If someone would have told me 12.5 years ago I'd be writing this. I still would have married him. Although there were some warning signs, I thought all relationships were like that. But, to be writing for my girl's Single And Happy blog 2 months after my divorce is finalized? Never that. But God is good. Despite everything that has happened last year, I can sincerely say today, I am single and happy.

Here's my story:

"Sam" and I knew each other from middle school. Can't really say we were friends but we hung out in the same circles. I ran into him again during my shift at a DC strip club. (You gotta buy the book!) He used to come through after work , grab a drink and talk to us. No. He didn't try to feel our booty or date us. It was his way of winding down. He and his boss used to go at it but we'd tell him to suck it up. "Be happy you're making money with your clothes on," we'd say.

One particular evening, I was laying on my back while he filled my garter with singles, he remarked that I looked familiar to him. Really, dude? Are we about to do this?

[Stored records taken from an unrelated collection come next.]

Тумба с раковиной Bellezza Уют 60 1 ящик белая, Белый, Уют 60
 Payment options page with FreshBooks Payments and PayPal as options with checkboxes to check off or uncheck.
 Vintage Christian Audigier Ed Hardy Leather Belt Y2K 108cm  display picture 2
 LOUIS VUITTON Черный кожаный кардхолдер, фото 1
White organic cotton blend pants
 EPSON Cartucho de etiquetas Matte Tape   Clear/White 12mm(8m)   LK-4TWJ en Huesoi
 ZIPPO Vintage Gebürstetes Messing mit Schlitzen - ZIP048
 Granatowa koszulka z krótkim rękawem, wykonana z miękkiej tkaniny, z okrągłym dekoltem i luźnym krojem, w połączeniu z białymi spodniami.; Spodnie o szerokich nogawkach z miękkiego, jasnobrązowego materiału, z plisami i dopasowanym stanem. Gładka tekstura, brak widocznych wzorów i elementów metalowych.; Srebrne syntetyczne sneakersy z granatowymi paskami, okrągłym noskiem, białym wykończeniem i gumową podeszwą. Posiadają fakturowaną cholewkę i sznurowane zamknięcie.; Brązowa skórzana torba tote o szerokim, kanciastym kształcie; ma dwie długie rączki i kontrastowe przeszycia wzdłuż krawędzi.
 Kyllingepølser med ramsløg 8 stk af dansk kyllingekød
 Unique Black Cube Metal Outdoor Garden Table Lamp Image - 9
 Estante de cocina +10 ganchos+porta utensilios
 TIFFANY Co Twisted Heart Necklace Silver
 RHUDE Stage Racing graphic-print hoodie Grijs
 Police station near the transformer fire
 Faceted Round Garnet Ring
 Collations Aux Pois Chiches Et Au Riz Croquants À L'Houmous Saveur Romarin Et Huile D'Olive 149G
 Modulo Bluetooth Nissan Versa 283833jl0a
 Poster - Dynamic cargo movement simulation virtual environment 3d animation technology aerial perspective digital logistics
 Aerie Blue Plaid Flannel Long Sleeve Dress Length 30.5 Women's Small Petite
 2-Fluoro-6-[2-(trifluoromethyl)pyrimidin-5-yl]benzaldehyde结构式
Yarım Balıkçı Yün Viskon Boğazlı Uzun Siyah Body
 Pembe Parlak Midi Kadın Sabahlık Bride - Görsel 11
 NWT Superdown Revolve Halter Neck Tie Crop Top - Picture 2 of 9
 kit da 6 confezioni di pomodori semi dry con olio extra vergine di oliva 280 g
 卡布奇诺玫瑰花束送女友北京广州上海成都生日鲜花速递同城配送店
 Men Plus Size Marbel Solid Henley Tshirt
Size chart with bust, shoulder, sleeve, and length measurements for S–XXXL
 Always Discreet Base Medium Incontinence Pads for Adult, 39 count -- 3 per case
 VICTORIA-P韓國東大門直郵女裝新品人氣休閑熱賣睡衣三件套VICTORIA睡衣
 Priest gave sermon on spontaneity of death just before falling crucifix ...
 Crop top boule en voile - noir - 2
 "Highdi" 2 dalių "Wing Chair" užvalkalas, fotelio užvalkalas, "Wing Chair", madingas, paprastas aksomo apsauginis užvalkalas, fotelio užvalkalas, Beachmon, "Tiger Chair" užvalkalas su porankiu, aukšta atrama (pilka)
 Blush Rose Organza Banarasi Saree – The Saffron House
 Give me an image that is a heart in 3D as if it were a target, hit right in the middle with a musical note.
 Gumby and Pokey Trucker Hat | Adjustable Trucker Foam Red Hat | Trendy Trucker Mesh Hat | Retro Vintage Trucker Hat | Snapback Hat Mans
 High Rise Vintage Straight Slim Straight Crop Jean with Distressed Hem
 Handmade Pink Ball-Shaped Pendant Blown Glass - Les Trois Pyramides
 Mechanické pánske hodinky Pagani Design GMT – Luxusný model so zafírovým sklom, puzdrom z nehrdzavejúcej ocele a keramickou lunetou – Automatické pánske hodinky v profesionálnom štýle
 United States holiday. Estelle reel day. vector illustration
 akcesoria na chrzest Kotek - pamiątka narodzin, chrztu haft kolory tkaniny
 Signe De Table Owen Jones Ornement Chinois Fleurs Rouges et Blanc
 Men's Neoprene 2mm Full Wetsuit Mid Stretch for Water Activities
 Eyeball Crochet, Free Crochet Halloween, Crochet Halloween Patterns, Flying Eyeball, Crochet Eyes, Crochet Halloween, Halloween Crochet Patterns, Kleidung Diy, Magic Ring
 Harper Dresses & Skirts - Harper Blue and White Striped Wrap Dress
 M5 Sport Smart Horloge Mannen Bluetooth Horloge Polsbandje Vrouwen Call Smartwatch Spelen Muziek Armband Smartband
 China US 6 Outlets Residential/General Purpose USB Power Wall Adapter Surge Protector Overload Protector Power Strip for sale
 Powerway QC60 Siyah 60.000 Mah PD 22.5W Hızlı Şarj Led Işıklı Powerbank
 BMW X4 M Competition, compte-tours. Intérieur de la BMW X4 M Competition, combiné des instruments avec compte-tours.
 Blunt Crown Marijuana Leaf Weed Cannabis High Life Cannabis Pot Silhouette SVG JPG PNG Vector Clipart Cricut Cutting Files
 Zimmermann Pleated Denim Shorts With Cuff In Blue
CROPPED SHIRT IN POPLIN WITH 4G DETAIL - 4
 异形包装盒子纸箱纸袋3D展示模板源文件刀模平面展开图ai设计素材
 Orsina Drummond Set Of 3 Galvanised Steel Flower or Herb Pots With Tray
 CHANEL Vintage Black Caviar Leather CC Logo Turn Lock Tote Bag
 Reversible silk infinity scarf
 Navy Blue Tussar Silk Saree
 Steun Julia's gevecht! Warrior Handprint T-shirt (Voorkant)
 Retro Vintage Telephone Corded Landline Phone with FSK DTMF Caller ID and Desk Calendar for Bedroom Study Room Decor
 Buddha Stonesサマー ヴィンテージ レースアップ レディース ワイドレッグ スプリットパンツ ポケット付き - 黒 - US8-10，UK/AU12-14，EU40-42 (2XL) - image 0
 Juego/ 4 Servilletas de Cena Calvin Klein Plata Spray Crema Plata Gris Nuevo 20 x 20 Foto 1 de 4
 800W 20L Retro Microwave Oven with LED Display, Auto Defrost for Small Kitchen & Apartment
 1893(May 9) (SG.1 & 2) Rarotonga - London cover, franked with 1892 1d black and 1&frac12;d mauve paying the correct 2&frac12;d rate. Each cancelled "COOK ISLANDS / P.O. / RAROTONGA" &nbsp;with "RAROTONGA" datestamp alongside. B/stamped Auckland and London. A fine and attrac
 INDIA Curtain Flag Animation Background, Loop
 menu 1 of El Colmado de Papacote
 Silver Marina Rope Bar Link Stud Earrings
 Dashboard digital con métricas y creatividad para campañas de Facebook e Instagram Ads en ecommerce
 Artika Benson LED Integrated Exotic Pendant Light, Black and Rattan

He then asked where I went to school, and when I told him, he pulled out a middle school picture from his wallet. I recognized him immediately and from that day on, each time he came through, we'd talk about our mutual friends and other topics. It took him 9 months to ask for my number. I thought that was sweet given the horn dogs I was used to dealing with. He seemed different. A good boy.

We eventually went out on a date and had the best time. He was the perfect gentleman. And the sex was great too. (Don't judge me.)

Still, I was hesitant about having a boyfriend while dancing. I had a boyfriend before and all I did was think about him. It messed up my money cause I'd immediately go into the dressing room instead of socializing with the patrons.

But, a voice deep inside if me was telling me it was time to stop dancing. I was better than this. But, as the days went on, and I continued dancing and drinking, that voice got quieter and quieter. I knew if I was ever going to stop dancing and live a normal life, this was my chance.
E.W.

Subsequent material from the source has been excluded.